How timely this article is! These same thoughts went through my mind the other night while lying in bed. I too could not answer. Oh, I had a moment here and there and maybe a giggle or two but nothing that lasted even a whole day. All I could think of was all the family members who are now gone, ages 6 to 68 who are no longer here. I thought about my marriage and how after waiting "all those years" I tied the knot only to have him suffer a horrible fall in a super market resulting in 22 operations. He will never walk normally again. Then, my sister and I recently put our dad into a nursing home as a result of his dementia and that didn't make us feel very good. Yes, he's safe and he is getting good care. We are both trying to find our "happy zones" and I found walking through a garden center feels good - even if I don't buy anything. It tells me that it all goes back to the simple things. When I read the part about the vacation planning being a happier time than the actual vacation, I thought of words my mother once told me............"Anticipation is greater than the realization."

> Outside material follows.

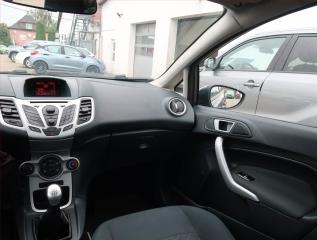 Ford Fiesta (2011) 1.25 - náhled 8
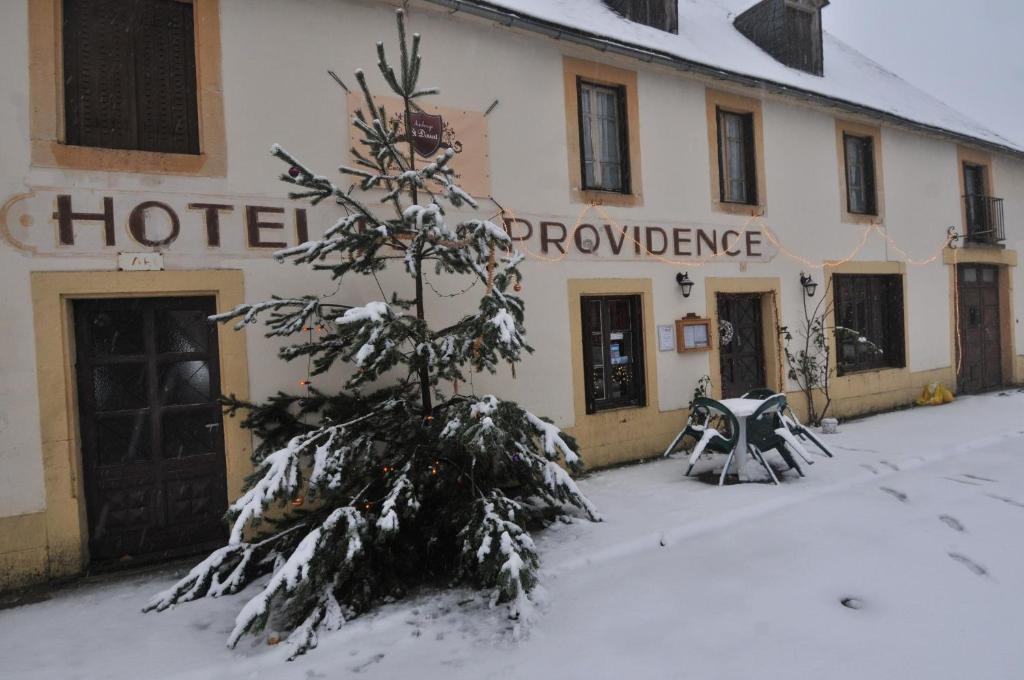 Auberge De La Providence Saint-Donat Exterior foto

To quote you Paula..... "On some level, I hadn’t even felt entitled to be happy – because if I had, I'd never have let myself grow so distant from it."..... This is where I am at this point. Am too tired to even try. There's just nothing. That happy, silly, fun, bubbly, cheerful me is lost. Seems like another lifetime.............
Certain things make me feel happy. As a care giver to my dad some times I am not always happy. I believe we sense being, "unhappy with ourselves when we witness an event that we used to be familiar with...and now we can't. It could be a reminder of a broken relationship, something that reminds you of the death of a close family member, or even a pet that passed away and sometime sparks something in your mind to bring those images back. Then, we feel sadness and react with tears or sadness. We can all feel happy at one point of our lives the question is, "can we do this so that our happiness is real and that our unhappy moments don't consume us and we feel overwhelmed." When I feel overwhelmed, rushed, can't do it all, need help emotionally and physically, I am not a happy camper.

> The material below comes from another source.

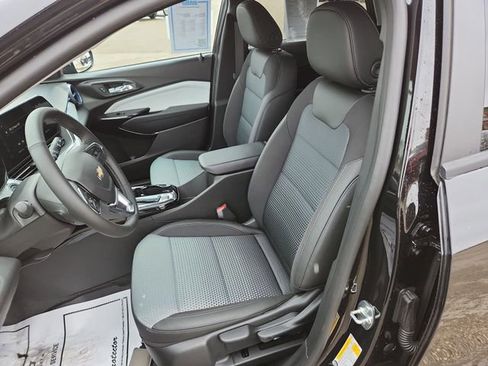 Used 2026 Chevrolet Trax LT w/ Driver Confidence Package image 18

Being Happy is a habit that is easy to cultivate. I feel that if you can walk, talk, chew your food and go to the bathroom alone - you're doing GREAT!! These are four things that most of us take for granted and to others they are just wishful thinking. Don't look at what you don't have, look at what you have. I know this is easy to say but, I've been depressed and was able to come out of it. Try to find something positive in your life, even if it's just a blade of grass. It's growing and alive and that's something positive.